The answer must be an exact copy of the lines from the one with "Skechers Women's Hands" through the final line of the records below, with no pictures.

--- EXCERPTED DATA ---

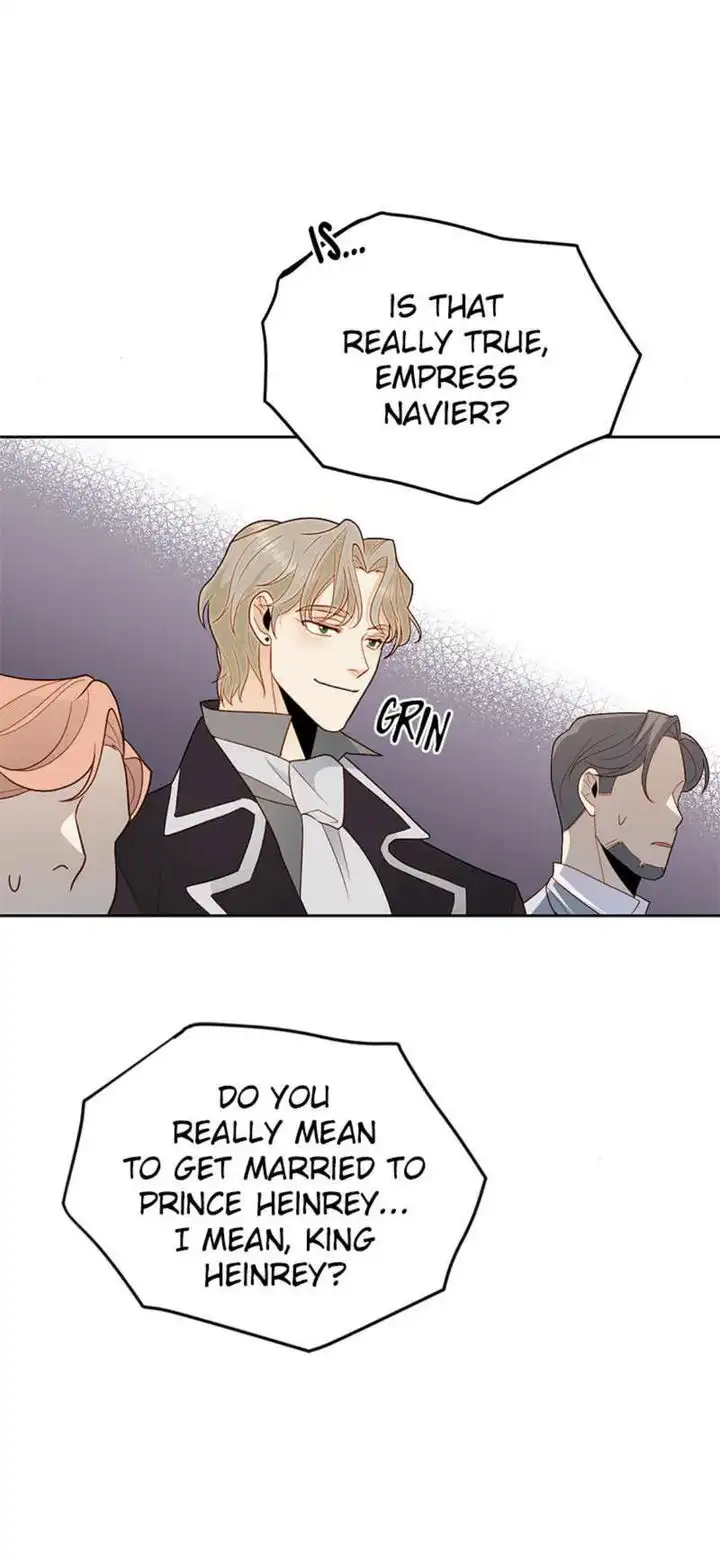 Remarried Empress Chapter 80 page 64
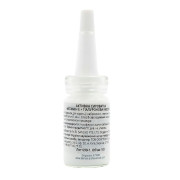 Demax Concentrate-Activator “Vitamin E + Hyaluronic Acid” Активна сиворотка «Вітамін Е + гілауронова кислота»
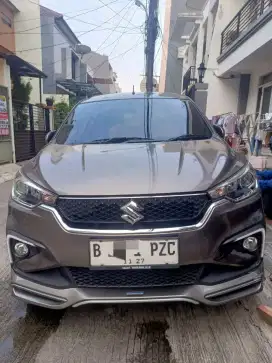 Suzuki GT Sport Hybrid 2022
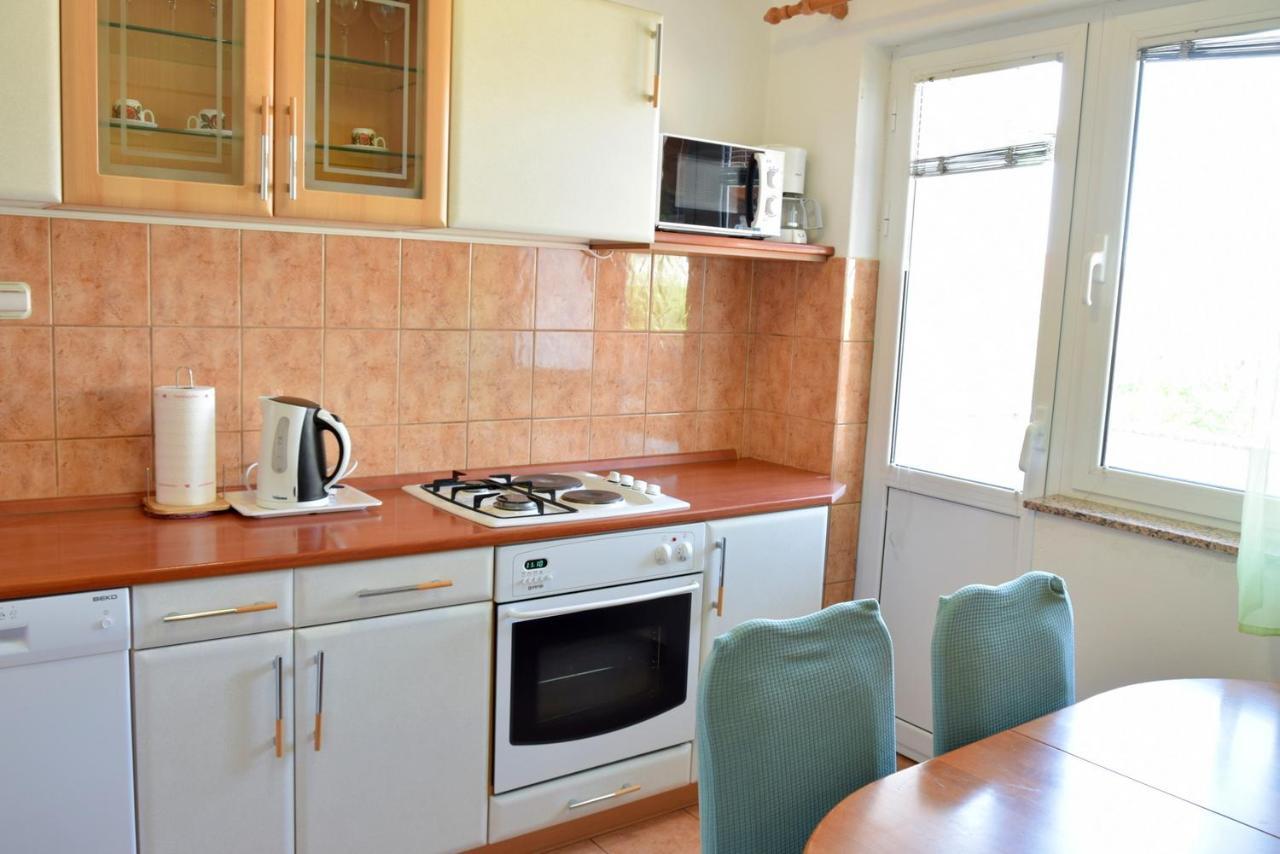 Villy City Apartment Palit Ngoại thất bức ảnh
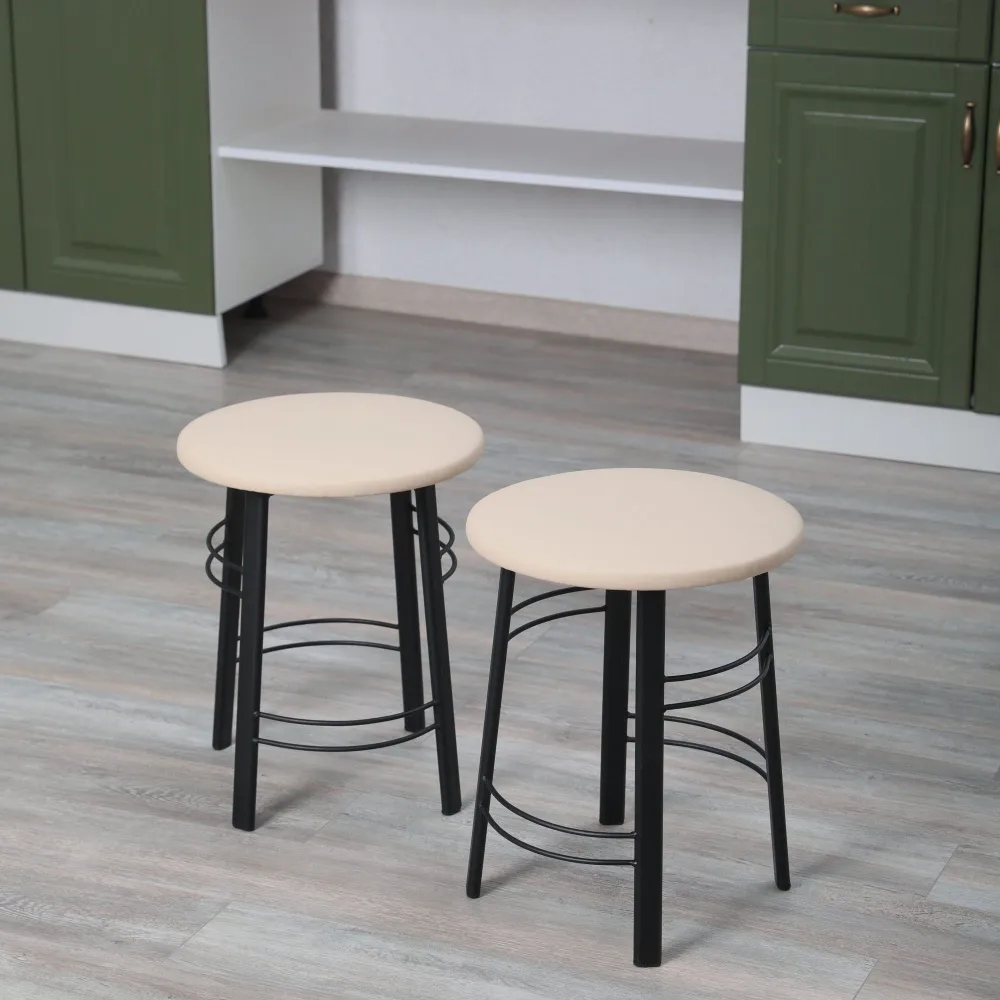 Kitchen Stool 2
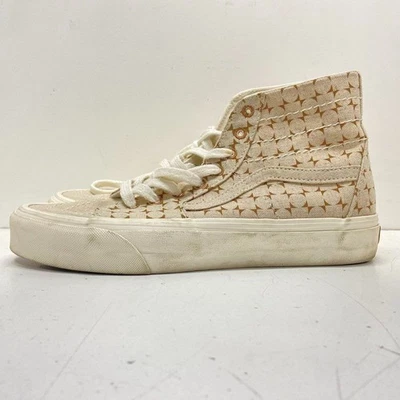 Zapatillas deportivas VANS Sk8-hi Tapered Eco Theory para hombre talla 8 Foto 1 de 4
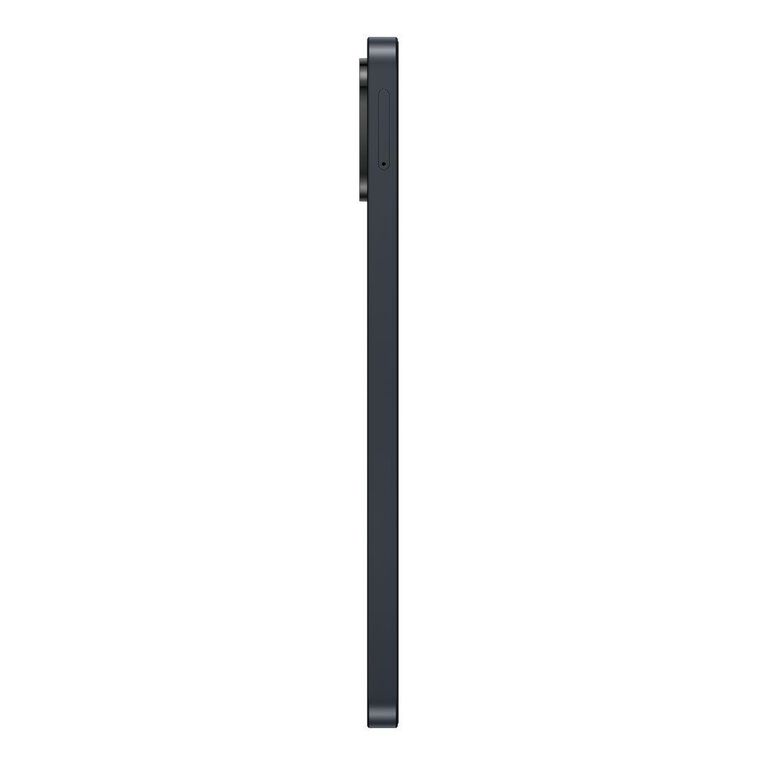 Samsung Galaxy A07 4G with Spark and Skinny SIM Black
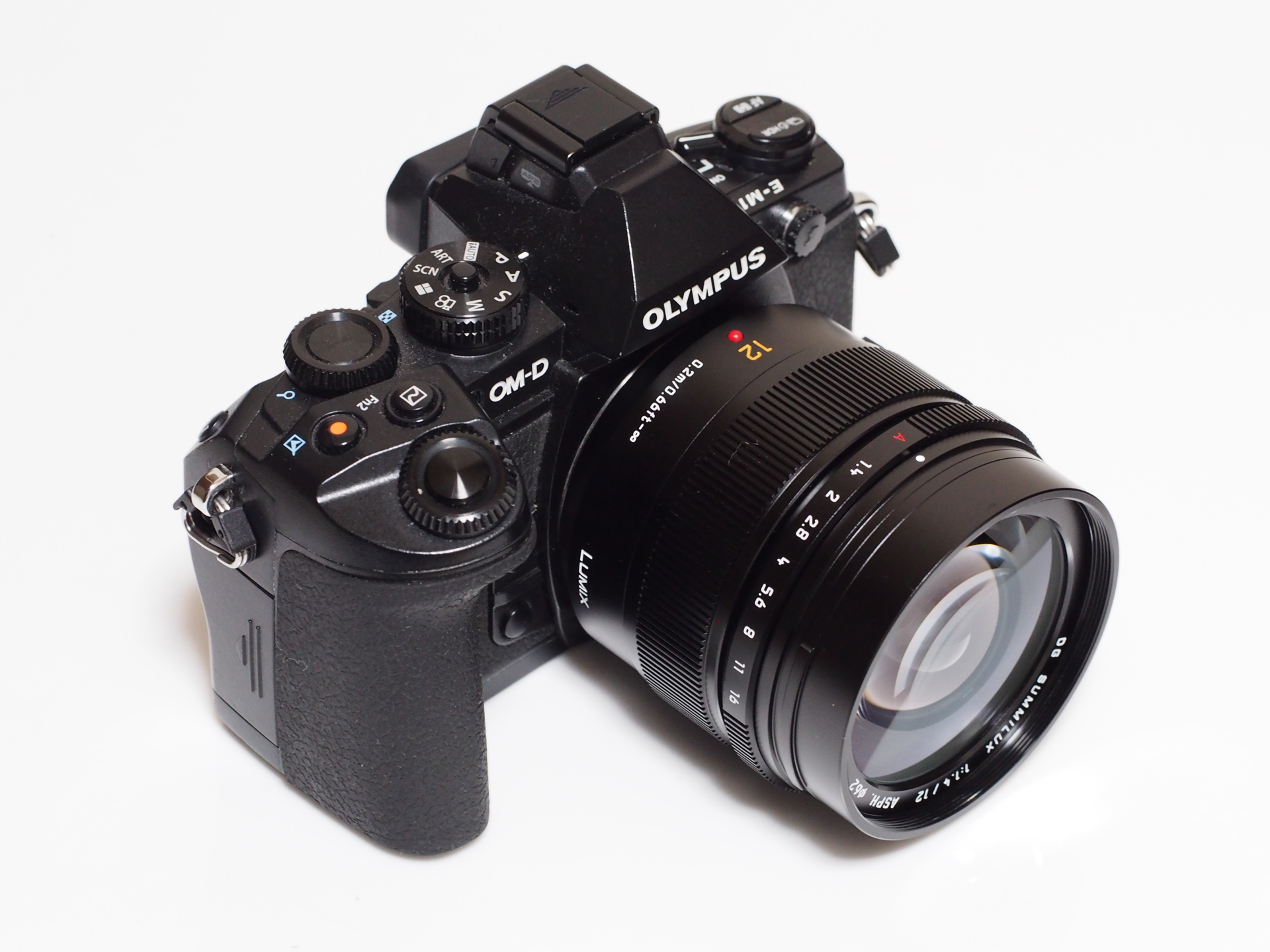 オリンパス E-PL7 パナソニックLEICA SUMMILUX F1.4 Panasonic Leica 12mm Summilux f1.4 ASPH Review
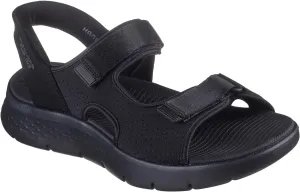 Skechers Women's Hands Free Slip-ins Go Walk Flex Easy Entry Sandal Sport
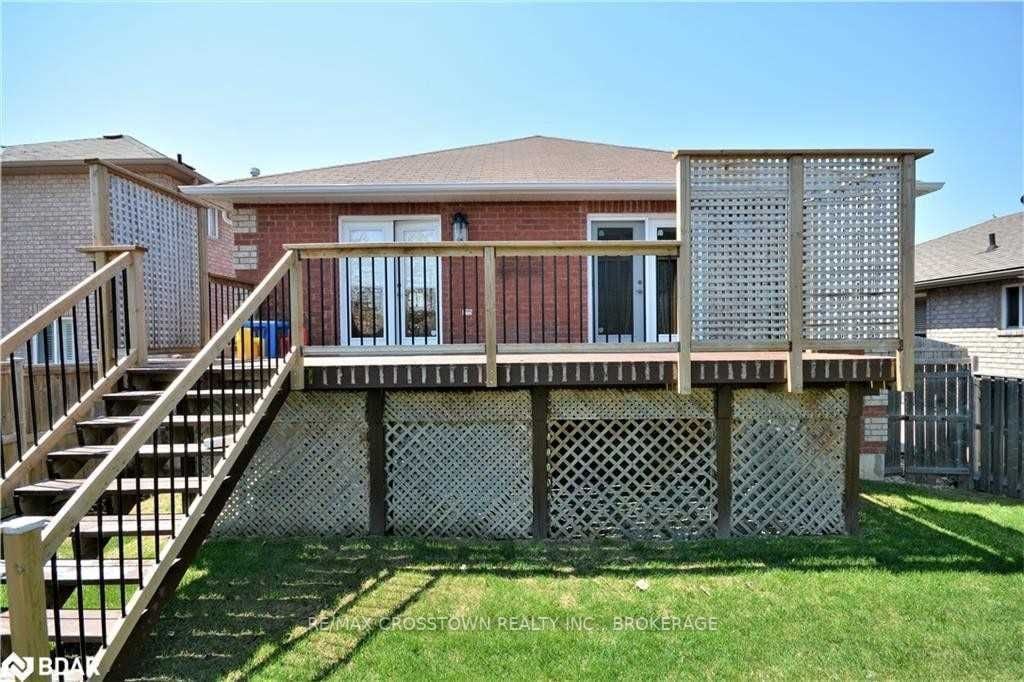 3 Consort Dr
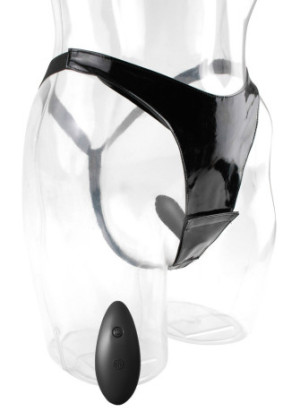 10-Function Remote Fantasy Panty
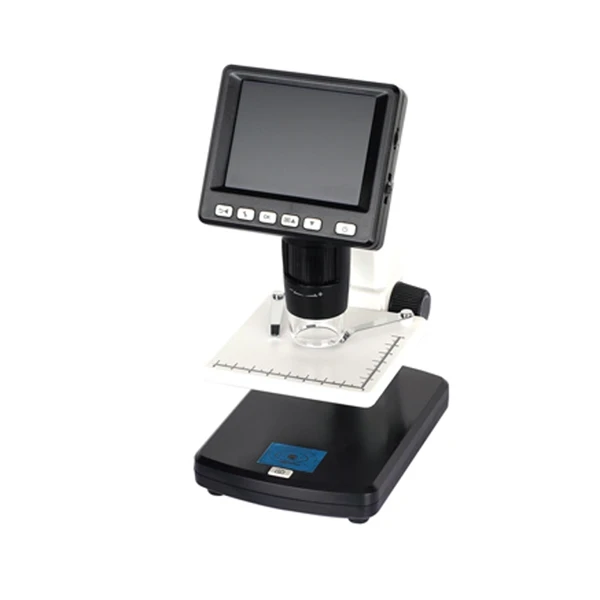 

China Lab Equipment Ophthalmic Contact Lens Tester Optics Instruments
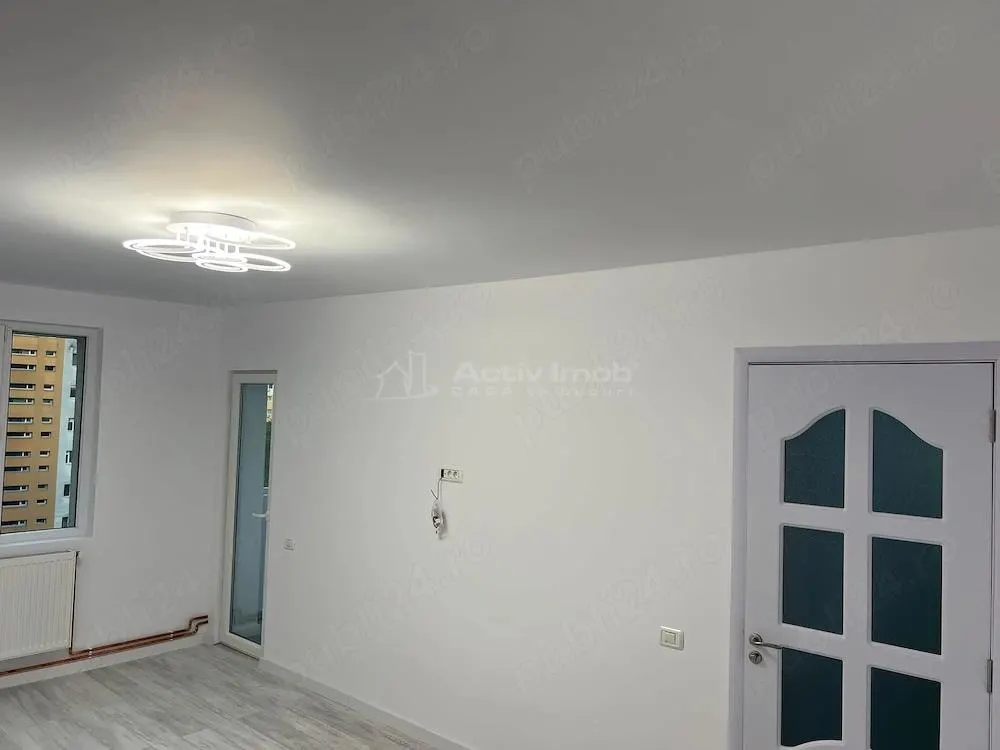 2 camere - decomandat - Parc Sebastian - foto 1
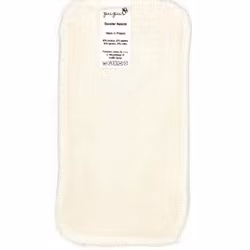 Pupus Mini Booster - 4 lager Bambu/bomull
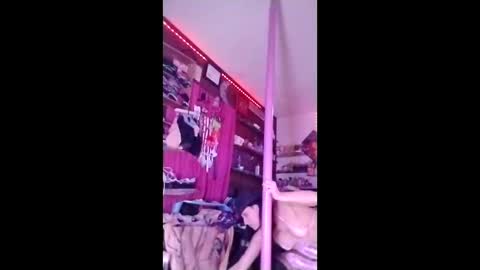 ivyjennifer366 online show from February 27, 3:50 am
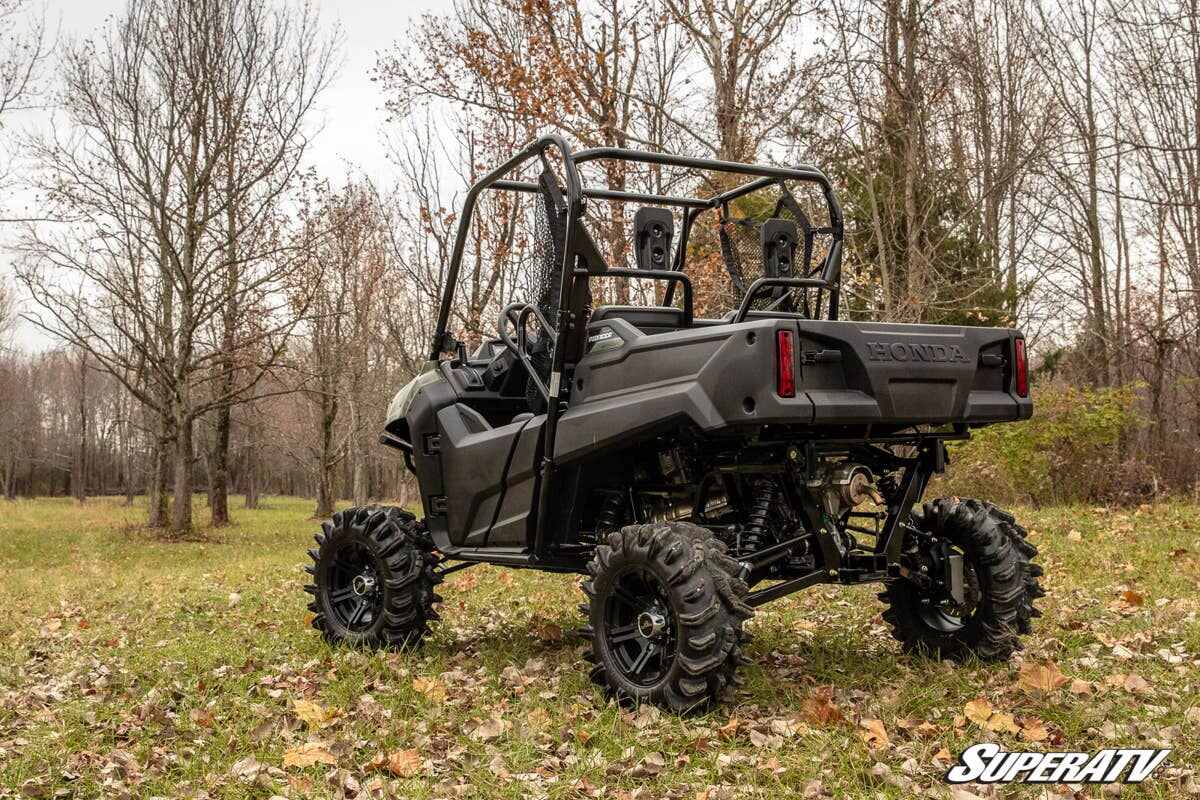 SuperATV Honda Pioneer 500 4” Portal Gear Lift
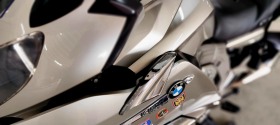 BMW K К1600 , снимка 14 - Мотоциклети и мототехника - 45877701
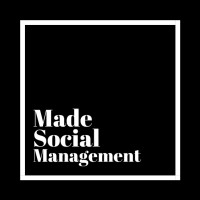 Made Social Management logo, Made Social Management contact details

---

SOLUTION TO THIS EXERCISE:
 Skechers Women's Hands Free Slip-ins Go Walk Flex Easy Entry Sandal Sport
 3 Consort Dr
 10-Function Remote Fantasy Panty

China Lab Equipment Ophthalmic Contact Lens Tester Optics Instruments
 2 camere - decomandat - Parc Sebastian - foto 1
 Pupus Mini Booster - 4 lager Bambu/bomull
 ivyjennifer366 online show from February 27, 3:50 am
 SuperATV Honda Pioneer 500 4” Portal Gear Lift
 BMW K К1600 , снимка 14 - Мотоциклети и мототехника - 45877701
 Made Social Management logo, Made Social Management contact details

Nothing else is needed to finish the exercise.